Hubbell got tax credits on homes in Iowa, Arizona at same time, records show
Cedar Rapids Gazette
Tax records in Arizona show that Democratic gubernatorial candidate Fred Hubbell received a homeowner tax credit there at the same time he claimed a homestead tax exemption in Iowa.
The Arizona tax benefit likely initially was through no fault of Hubbell’s, according to the Maricopa County assessor. But despite notices from that office, Hubbell didn’t correct classification on his $2 million Scottsdale home from “primary” to “non-primary.” That would have made the house ineligible for a credit that allowed him to pay a lower primary tax rate than other property owners.
“I’m learning new things all of the time (because) I didn’t know it was wrong to begin with,” Hubbell said Friday. “They classified the house.
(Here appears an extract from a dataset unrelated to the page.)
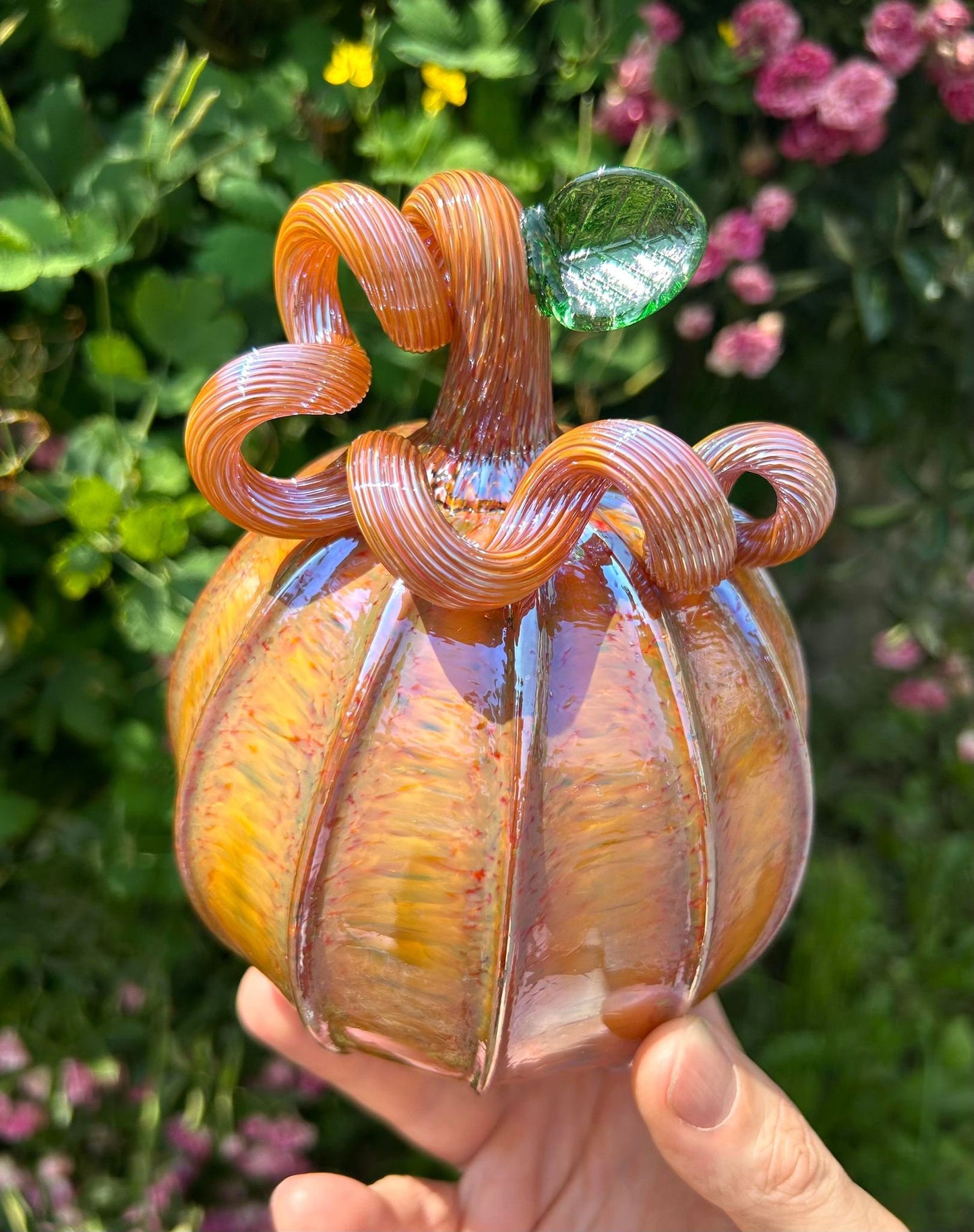 NEW DESIGN!!! BUTTERSCOTCH with Green Leaf Glass Pumpkin Gift and Centerpiece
We didn’t.”
That’s correct, according to Maricopa County Assessor Paul Petersen.
“The problem is that we sent him multiple letters saying it was our understanding (his property) was not his primary residence and asked him to give us any information,” he said. “He never responded to any of them.”
Eventually, a civil penalty was assessed.
Tax records in Polk and Maricopa counties show that the retired businessman and his wife, Charlotte, claimed the Iowa Homestead Tax Credit on a Des Moines residence that sold for $650,000 in 2015. At the same time, the Hubbells received an Arizona “State Aid Credit” on a 4,300-square-foot Scottsdale home that Zillow.com estimates is worth $2.8 million. The county Treasurer’s Office shows the Hubbells paid $15,939 in property tax on their Arizona home for 2017.
To qualify for the tax credits in both states, a property owner must live in each home for at least six months of each year. State and county officials in both states concede that’s not something they regularly monitor.